Berbeda dengan Rivai yang menjadikan pers sebagai sarana menyebarluaskan kesadaran nasional, Dja Endar Moeda agaknya lebih melihat pers sebagai industri yang dapat mendatangkan keuntungan finansial. Hal ini dapat terlihat dalam aktivitas jurnalistiknya sejak tahun 1905 dan 1911 yang lebih fokus mendirikan surat kabar baru dan menyasar pada pangsa pasar yang belum dikerjakan oleh perusahaan pers lain. Meskipun demikian, Dja Endar Moeda tetap memiliki perhatian terhadap kemajuan kaum bumiputra. Menurut Ahmat Adam, ia aktif mendorong kaum bumiputra berorganisasi sebagaimana orang Jepang dan orang Tionghoa. Ketika Boedi Oetomo berdiri pada tahun 1908, ia dengan terbuka menyarankan kaum bumiputra di luar Jawa agar membentuk organisasi serupa atau setidaknya mendirikan cabang Boedi Oetomo di wilayah setempat.

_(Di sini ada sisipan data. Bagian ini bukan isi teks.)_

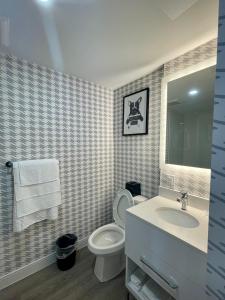 a bathroom with a toilet and a sink and a mirror at Superior Shores Hotel BW Signature Collection in Thunder Bay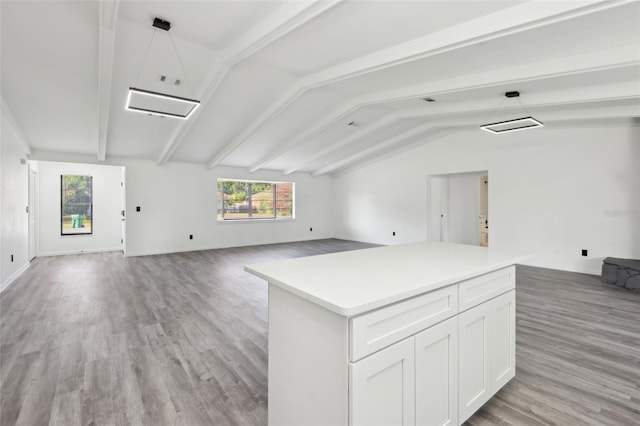4510 Bonanza St, Cocoa, FL 32927 - interior space featuring vaulted ceiling with beams, light wood-style floors, and visible vents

Dja Endar Moeda juga turut mendorong anggota keluarganya untuk menggeluti dunia pers. Berdasarkan catatan Ahmat Adam, adik Dja Endar Moeda yang bernama Dja Endar Bongsoe juga berprofesi sebagai jurnalis dengan menjadi editor di Pertja Barat. Ia bahkan menggagas pendirian sebuah serikat jurnalis bumiputra untuk membantu jurnalis bumiputra menghindari jerat delik pers. Selain Dja Endar Bongsoe, putra Dja Endar Moeda bernama Kamarudin juga menjadi asisten editor di Pewarta Deli.

Permulaan dekade kedua abad dua puluh menjadi titik balik kemunduran bisnis penerbitan dan surat kabar milik Dja Endar Moeda. Pada tahun 1911, ia terkena tuduhan delik pers dan mendapat hukuman penjara dua bulan. Pada tahun yang sama, Dja Endar Bongsoe mendadak meninggal dunia. Meninggalnya Dja Endar Bongsoe bukan hanya sekedar kehilangan adik bagi Dja Endar Moeda. Dja Endar Bongsoe merupakan orang sangat ia percaya untuk mengelola Pertja Barat dan bisnis lainnya di Sumatra Barat. Sejak meninggalnya Dja Endar Bongsoe tersebut, Pertja Barat mulai kehilangan pamornya dan berhenti terbit di tahun 1913. Sejak saat itu pula nama Dja Endar Moeda dan surat kabar yang ia pimpin perlahan mulai surut.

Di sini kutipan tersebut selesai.